:: What the task requires ::
The expected output is the full set of entries, printed exactly, without pictures.

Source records
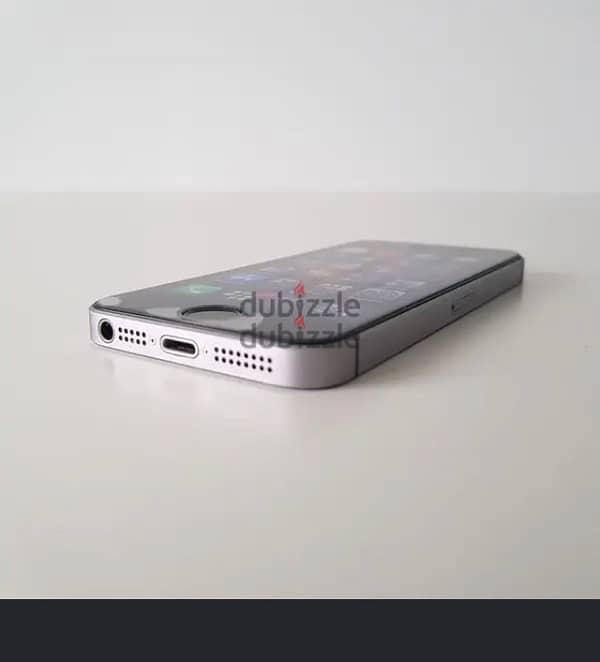 Apple- IPhone 5s 01140599330 2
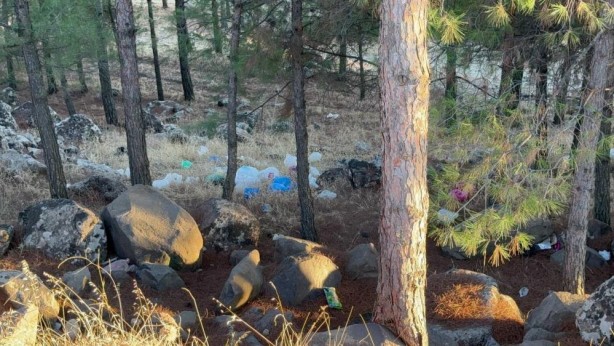 Foto - CHP'li belediyeye çöp tepkisi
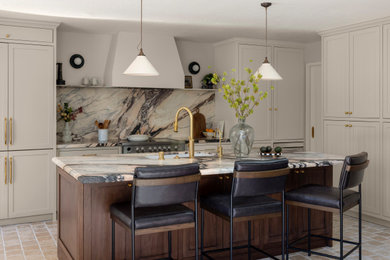 Transitional kitchen photo in San Francisco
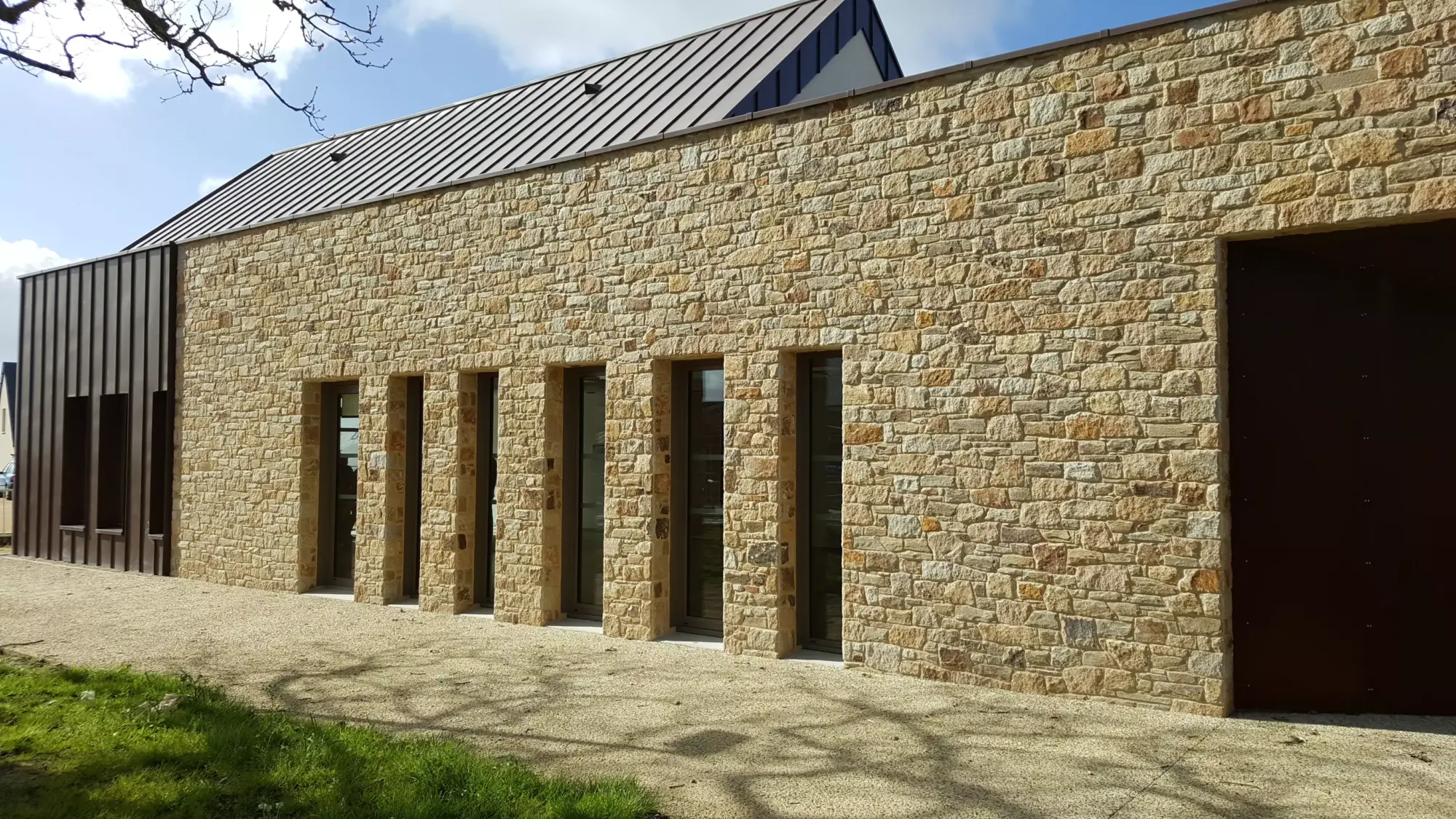 Nouveau chez MCK Habitat : la pose de parement pierre pour sublimer votre fa&ccedil;ade Lingolsheim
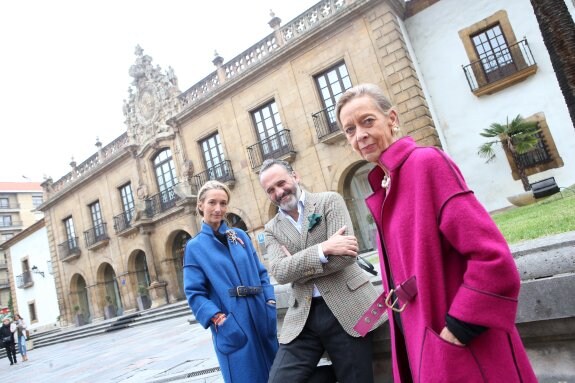 María Ignacia Iturmendi, Marcos Luengo y Pilar Quirós, a las puertas del Reconquista. Ellas llevan, en dos colores, el ya famoso abrigo de Los Oscos, adornado con algunas de sus piezas.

:: Result of this task ::
 Apple- IPhone 5s 01140599330 2
 Foto - CHP'li belediyeye çöp tepkisi
 Transitional kitchen photo in San Francisco
 Nouveau chez MCK Habitat : la pose de parement pierre pour sublimer votre fa&ccedil;ade Lingolsheim
 María Ignacia Iturmendi, Marcos Luengo y Pilar Quirós, a las puertas del Reconquista. Ellas llevan, en dos colores, el ya famoso abrigo de Los Oscos, adornado con algunas de sus piezas.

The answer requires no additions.